The number of UF applicants didn’t go down this year, students just procrastinated.
UF received 48,066 applications, the most ever, in the midst of a pandemic. More than 11,000 were received on the day of the deadline, and UF doesn’t have an answer for why.
“None of us has been through an application cycle during a pandemic,” said UF spokesperson Steve Orlando. “So, we're really not sure what factors were at work here.”
Applicant numbers appeared grim early in the cycle, and the deadline was extended from Nov. 1 to Nov. 16. President Fuchs said applications were down 23% at an Oct. 15 Faculty Senate meeting.
It is normal for application numbers to fluctuate daily, UF director of communications Brittany Wise wrote in an email. She said 21,500 applications were received in the three days before the deadline during last year’s Fall 2020 application cycle.
Days after Fuch’s calculation, more applications rolled in. Wise calculated a 14% decrease by Oct. 19.

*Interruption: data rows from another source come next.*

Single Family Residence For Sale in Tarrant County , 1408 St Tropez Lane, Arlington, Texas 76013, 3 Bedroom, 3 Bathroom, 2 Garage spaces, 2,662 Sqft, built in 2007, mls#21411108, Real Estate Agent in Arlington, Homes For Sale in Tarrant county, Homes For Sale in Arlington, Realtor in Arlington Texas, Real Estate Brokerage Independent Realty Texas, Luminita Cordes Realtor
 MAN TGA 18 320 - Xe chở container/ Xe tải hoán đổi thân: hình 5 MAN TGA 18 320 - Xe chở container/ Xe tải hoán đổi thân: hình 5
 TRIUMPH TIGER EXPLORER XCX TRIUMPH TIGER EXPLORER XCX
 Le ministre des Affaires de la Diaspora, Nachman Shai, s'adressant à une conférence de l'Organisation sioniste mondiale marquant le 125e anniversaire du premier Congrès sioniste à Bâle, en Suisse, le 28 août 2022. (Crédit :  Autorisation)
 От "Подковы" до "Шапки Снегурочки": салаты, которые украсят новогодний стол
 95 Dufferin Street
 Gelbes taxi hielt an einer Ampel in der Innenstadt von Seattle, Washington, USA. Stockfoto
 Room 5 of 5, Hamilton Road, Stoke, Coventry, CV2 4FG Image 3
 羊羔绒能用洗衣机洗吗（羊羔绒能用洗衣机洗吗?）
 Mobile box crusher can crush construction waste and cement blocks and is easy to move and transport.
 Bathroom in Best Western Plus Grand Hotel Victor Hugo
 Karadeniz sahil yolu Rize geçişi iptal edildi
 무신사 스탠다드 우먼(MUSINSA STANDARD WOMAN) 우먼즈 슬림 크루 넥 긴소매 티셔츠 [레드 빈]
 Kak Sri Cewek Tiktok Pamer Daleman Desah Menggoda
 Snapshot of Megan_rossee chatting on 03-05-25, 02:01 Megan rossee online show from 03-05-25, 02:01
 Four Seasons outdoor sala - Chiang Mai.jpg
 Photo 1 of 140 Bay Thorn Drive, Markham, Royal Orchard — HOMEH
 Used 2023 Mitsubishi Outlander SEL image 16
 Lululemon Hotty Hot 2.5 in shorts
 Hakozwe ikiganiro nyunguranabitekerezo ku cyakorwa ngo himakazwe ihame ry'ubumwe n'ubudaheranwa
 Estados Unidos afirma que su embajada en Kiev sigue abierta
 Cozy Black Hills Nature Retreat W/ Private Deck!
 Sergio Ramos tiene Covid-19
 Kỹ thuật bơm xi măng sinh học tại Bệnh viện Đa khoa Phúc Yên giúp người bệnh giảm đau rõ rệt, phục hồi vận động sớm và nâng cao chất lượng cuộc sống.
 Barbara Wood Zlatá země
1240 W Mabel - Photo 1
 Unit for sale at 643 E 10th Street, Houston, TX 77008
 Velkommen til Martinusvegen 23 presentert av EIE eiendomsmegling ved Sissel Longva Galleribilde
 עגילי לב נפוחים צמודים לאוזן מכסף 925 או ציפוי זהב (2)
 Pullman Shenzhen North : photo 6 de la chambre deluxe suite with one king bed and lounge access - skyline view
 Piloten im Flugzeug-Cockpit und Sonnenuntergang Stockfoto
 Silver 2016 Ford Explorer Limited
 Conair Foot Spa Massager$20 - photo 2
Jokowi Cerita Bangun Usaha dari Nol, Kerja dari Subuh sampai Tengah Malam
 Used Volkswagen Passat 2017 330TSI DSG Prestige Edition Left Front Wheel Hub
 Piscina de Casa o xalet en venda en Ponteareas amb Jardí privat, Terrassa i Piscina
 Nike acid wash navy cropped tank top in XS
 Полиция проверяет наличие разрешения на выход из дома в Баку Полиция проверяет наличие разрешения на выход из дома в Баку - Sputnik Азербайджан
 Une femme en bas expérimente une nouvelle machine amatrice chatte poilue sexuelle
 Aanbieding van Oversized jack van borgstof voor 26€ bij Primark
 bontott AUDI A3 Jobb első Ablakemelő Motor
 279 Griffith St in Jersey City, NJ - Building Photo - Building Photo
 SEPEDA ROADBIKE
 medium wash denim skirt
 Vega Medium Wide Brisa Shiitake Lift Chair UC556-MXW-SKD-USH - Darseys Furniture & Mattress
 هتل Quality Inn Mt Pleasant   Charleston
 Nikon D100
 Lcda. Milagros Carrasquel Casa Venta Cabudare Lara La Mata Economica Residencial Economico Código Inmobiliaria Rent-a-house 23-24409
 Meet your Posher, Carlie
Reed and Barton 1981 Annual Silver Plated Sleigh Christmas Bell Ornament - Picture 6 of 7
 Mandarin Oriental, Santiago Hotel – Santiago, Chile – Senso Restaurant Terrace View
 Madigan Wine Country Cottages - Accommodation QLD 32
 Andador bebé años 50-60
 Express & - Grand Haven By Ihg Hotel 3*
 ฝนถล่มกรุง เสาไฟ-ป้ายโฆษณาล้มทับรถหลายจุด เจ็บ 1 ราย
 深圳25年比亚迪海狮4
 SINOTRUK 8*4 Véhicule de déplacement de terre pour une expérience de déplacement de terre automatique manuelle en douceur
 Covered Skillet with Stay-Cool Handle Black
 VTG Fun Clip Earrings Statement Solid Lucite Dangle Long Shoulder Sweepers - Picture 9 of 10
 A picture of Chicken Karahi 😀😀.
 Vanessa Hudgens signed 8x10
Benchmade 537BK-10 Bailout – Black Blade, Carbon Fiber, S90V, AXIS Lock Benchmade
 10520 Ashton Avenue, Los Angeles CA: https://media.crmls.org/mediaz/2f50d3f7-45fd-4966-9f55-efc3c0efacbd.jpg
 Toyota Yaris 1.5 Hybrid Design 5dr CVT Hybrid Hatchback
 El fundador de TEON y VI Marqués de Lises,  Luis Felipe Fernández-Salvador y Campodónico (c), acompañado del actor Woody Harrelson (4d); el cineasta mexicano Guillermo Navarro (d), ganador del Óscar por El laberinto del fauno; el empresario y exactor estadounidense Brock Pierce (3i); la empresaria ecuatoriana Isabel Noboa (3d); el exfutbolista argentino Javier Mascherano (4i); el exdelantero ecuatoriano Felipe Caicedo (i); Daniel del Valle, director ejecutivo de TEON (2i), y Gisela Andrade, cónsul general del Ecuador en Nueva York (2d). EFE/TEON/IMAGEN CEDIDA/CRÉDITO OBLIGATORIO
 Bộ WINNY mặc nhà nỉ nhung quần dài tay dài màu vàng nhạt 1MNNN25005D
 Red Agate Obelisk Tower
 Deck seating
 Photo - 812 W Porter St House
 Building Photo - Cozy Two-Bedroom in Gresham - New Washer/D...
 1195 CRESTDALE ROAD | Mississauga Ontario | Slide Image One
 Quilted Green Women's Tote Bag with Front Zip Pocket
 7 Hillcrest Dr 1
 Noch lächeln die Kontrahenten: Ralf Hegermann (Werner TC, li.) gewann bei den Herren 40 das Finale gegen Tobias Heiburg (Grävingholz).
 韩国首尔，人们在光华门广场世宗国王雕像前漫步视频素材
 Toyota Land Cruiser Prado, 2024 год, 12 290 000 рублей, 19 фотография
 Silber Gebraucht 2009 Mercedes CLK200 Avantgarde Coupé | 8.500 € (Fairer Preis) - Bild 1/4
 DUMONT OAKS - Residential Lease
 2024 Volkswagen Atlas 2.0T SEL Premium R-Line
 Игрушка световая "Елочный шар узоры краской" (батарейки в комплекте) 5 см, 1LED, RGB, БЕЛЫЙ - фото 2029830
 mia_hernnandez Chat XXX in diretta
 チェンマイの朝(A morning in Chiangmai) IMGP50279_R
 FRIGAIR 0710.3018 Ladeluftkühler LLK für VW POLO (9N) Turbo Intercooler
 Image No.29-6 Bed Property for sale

Orlando said UF doesn’t know why application numbers went through a lull before surpassing last year’s record by nearly 2,000 applicants.
He said that the university’s admission standards did not undergo any changes this year.
This means UF was looking for the same GPA and test scores of applicants as they had planned. The UF 2020 freshman profile lists the middle 50% of accepted students scoring between 30 and 33 on the ACT and between 1320 and 1460 on the SAT.
COVID-19 inflamed the already stressful process of college applications, as multiple delays in the nation’s standardized testing schedule made testing difficult for students.
Emma-Gail McMillan, a 17-year-old Buchholz High School senior, was not one of the more than 20% of applicants who got her application into UF before the last day, and she feels good about it.
Being a senior in high school during a global pandemic has kept cheering fans from attending her swim meets and has cancelled cherished events like prom, McMillan said. Getting into UF would definitely brighten up the cloudy haze of her senior year, she said.
“Being around the Gator community is such an exciting thing,” McMillan said.
To Rebecca Stewart, an 18-year-old PK Yonge Developmental Research School senior, the pandemic became a major roadblock for standardized testing.
Stewart planned to take the SAT in the summer before this school year started, but COVID-19 changed her plans. She had to submit her application without SAT scores because she hasn’t been able to take the test yet.
Stewart will take the college entrance exam on Dec. 5, just 10 days before the due date to send scores to the university. She will have to send her score blindly and hope for the best.
“It is definitely scary because if I don't get the score that I want, then I won't know until those scores are ready and then UF will already have my application by then,” Stewart said.
Stewart has spent over 20 hours on college applications so far, she said. UF is one of 11 schools to which Stewart has applied.